New department vessel will support teaching and research activities
At the beginning of 2010, the Director of the Oceanography Department, Dr. Marco Salamanca and Dr. Billy Ernst, an academic from this department, met to study the design alternatives available in Chile and abroad for a small, transportable, coastal vessel to complement the activities of the L/C Kay Kay II in the most coastal areas and at lower operating costs.
The main objective of this new vessel will be to support the teaching and research work of undergraduate and graduate students in the Oceanography Department. In second place, this vessel is to aid in the development of the research projects of academics and students.
A North American design (based on a Maine lobster boat) was eventually chosen for its versatility, nautical attributes, deck space, and overall costs; this vessel was built in Chile. A similar boat used south off the Guaitecas, around continental Chiloé, and the Desventuradas Islands proved to be well-suited to these areas.

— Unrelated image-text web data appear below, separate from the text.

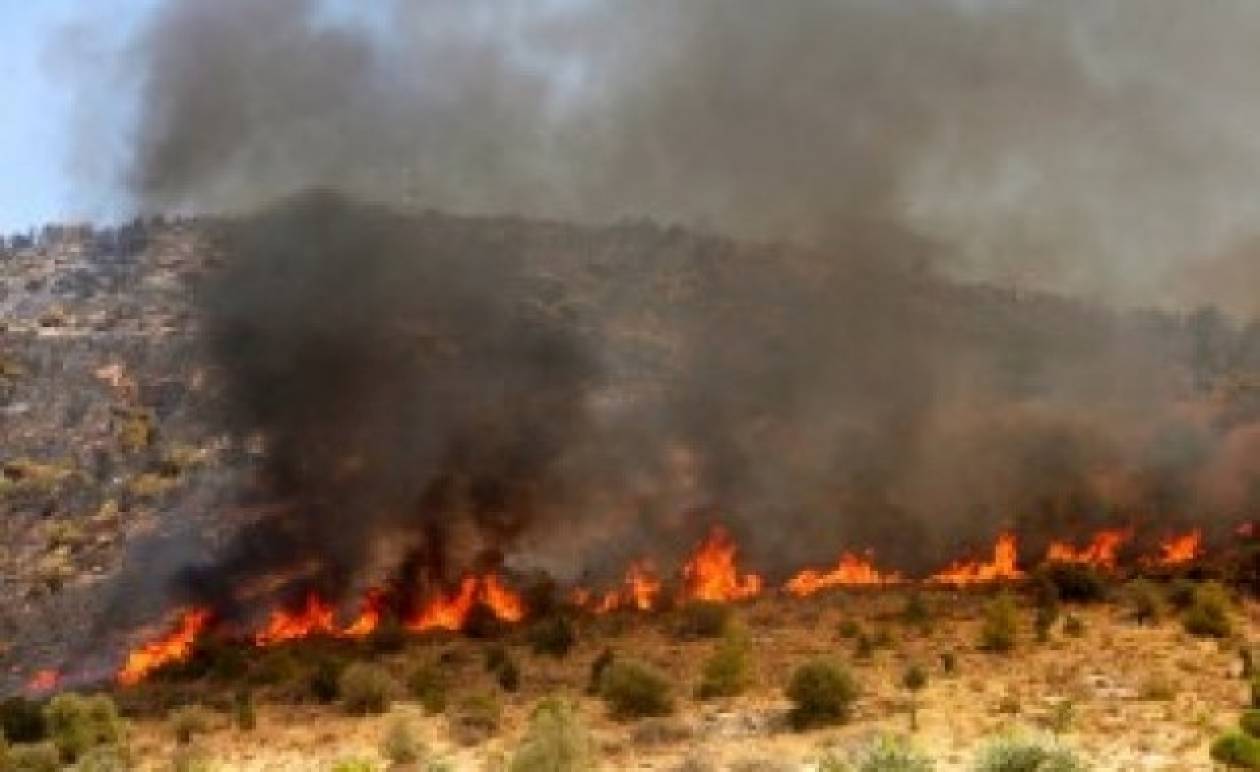Κρήτη: Πυρκαγιά σε εξέλιξη στο Αμάρι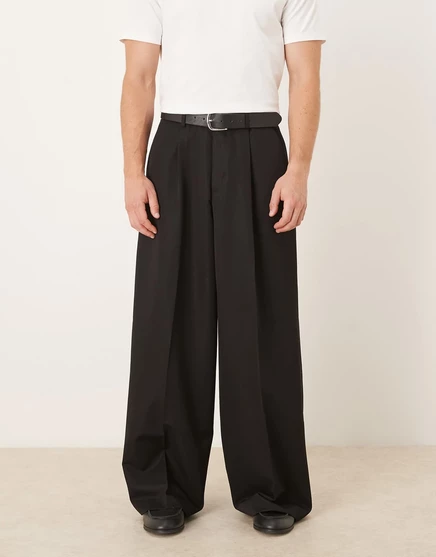 Элегантные экстравагантные широкие брюки ASOS DESIGN черного цвета black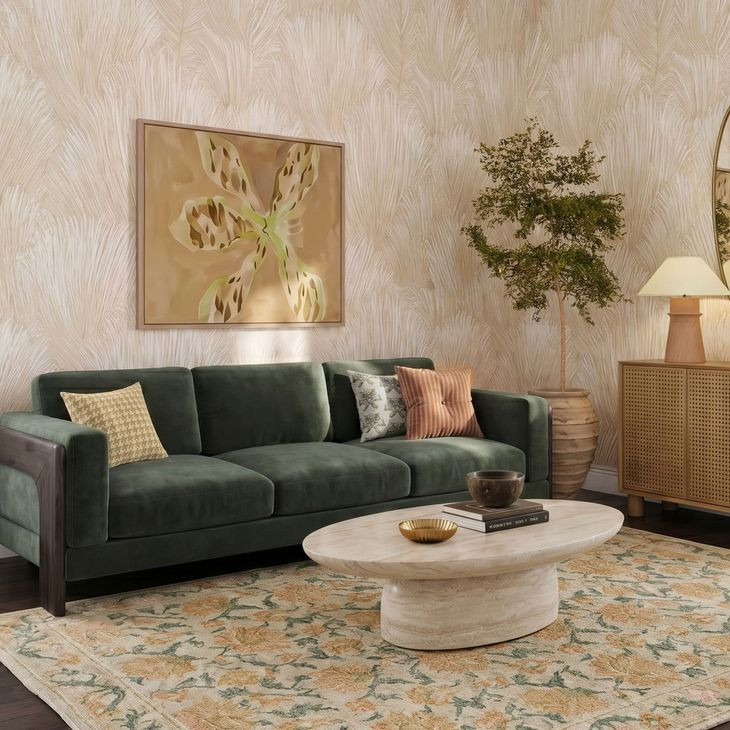 Elyn Olive Green 91" Sofa
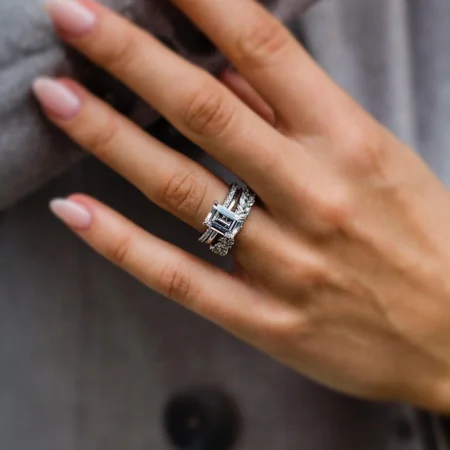 Smaragdschliff Diamantweiß Solitär 3-teilige 925er Sterlingsilber Ring-Set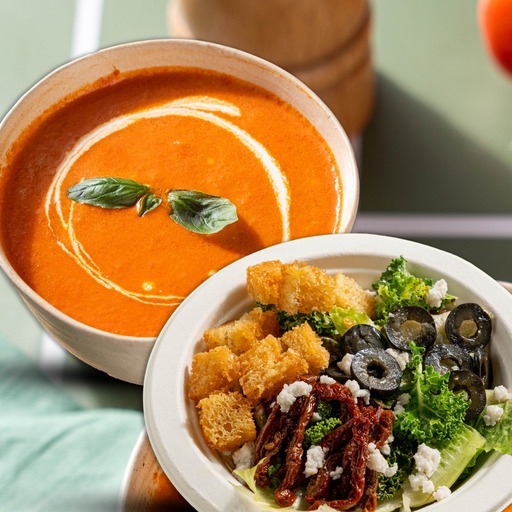 Classic Veg Ceasar Salad+Roasted Tomato Basil Soup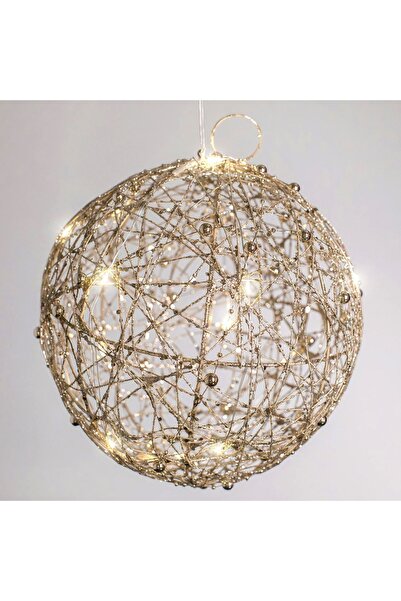 DD SHOP Glob Decorativ de Craciun cu Tinsel Sampaniu & 20 de Becuri LED Ø20cm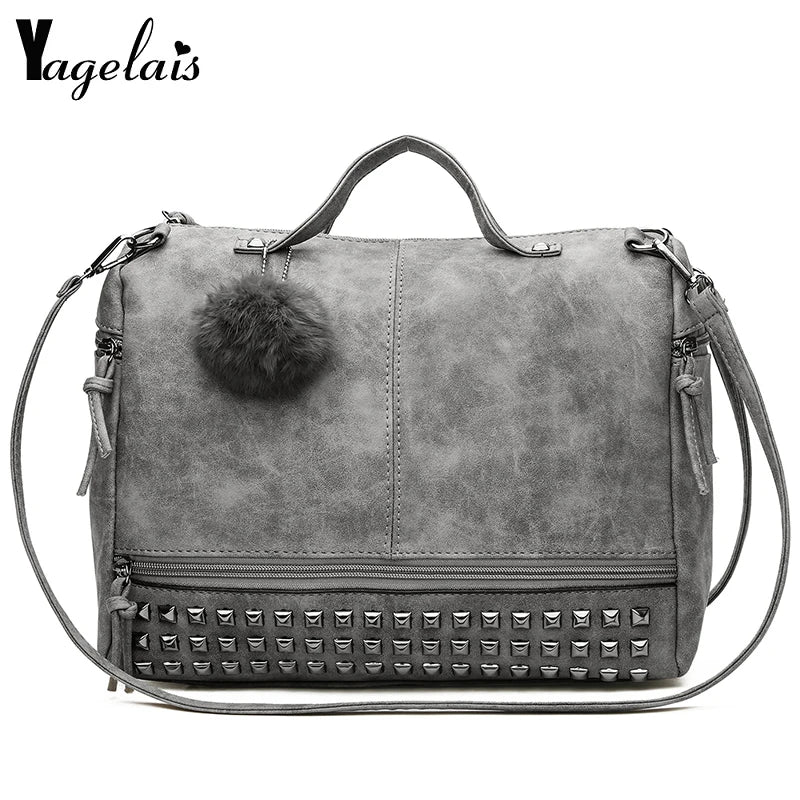 Women's Handbags Pu Shoulder Bags Tote With Fur Ball Soft
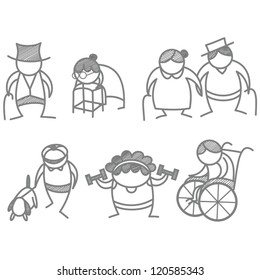 set of elder aging people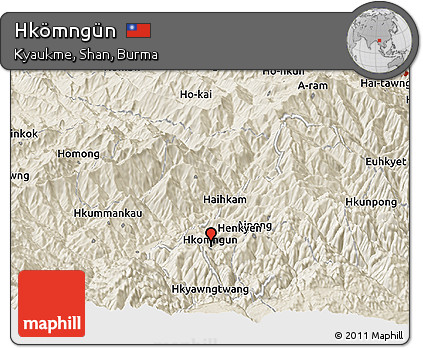 Shaded Relief Panoramic Map of Hkömngün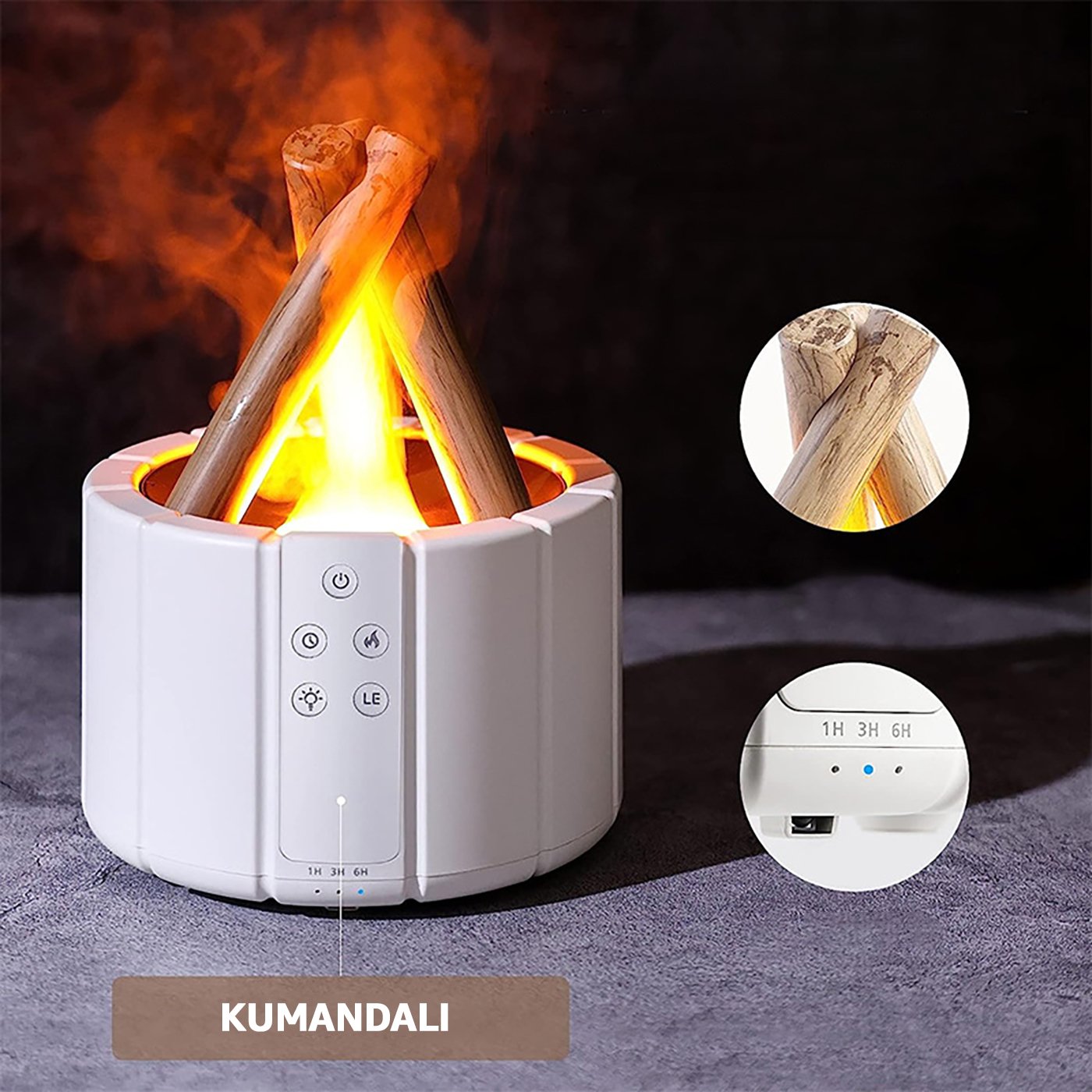 250ML Kamp Ateşi Kumandalı Buhar Makinesi Zamanlayıcılı Hava Nemlendirici 7 Renkli LED Işıklı Hava Nemlendirici Aroma Difüzörü Aromaterapi
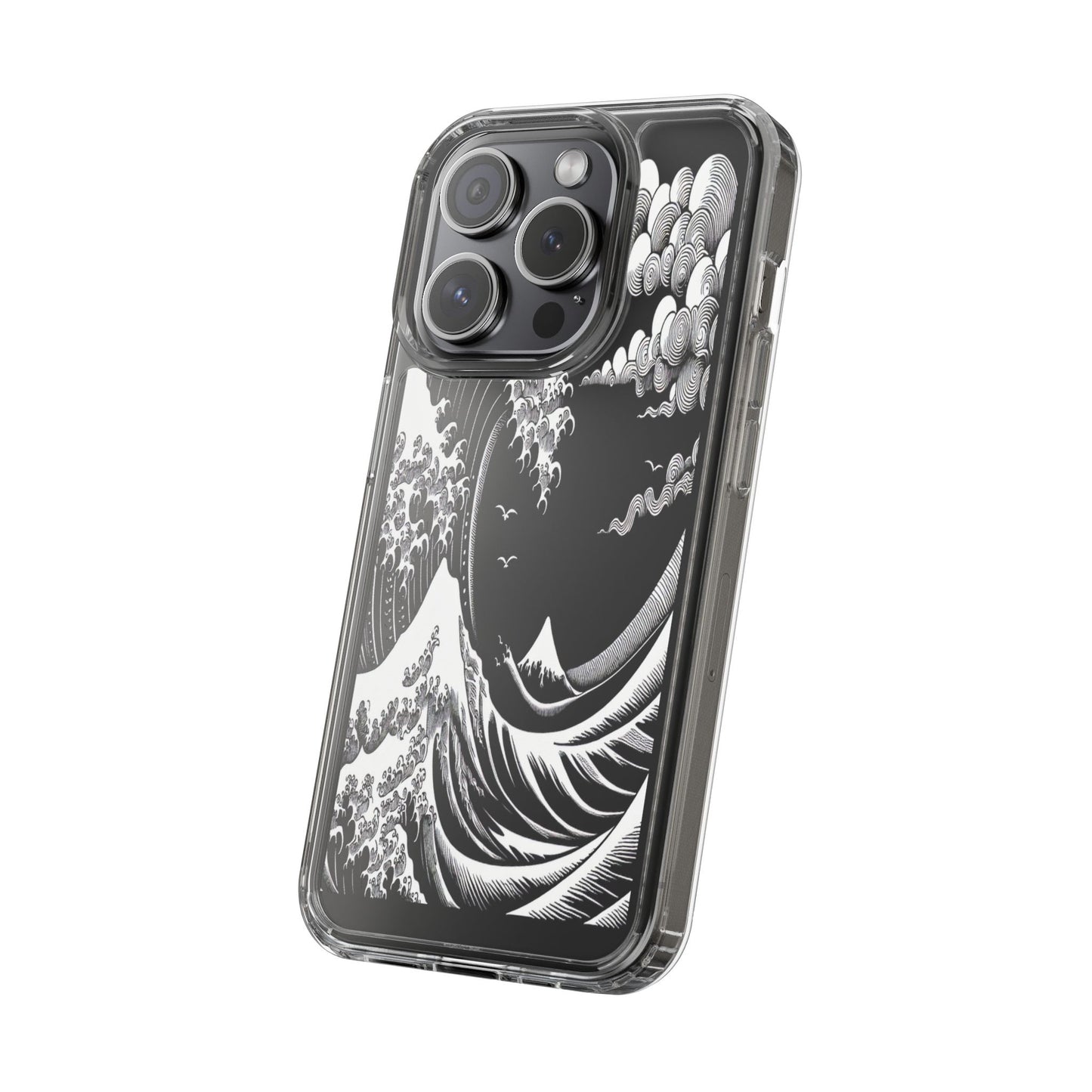 Transparent Waves and Mountains Iphone Case Compatible With Iphone 16 15 14 - Clear Phone Cover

All the equipment on this vessel was imported from Seattle, USA.
Christened R/V Ten Ten, the general design characteristics are:
- Total length: 7.7 m
- Breadth: 2.4 m
- Draught: 0.75 m
- Approx. weight: 2000 kg
- Fuel capacity: app. 230 L
- Estimated cruise speed: 14 kn
- Estimated maximum speed: 20 kn
- Onboard motor: 110 hp Volvo
Principle equipment: The L/C Ten Ten has a GPS system, echosounder, Lowrance radar, VHF radio, navigation lights, nautical compass, an oceanic lifeboat for 6, three self-inflating lifevests, horn, toilet-WC, an independent oil pressure system (9 hp Honda motor) for operating a hydraulic winch, 330 m of stainless steel cable (3.9 mm), and a mast and boom for operating minor fishing and oceanographic equipment.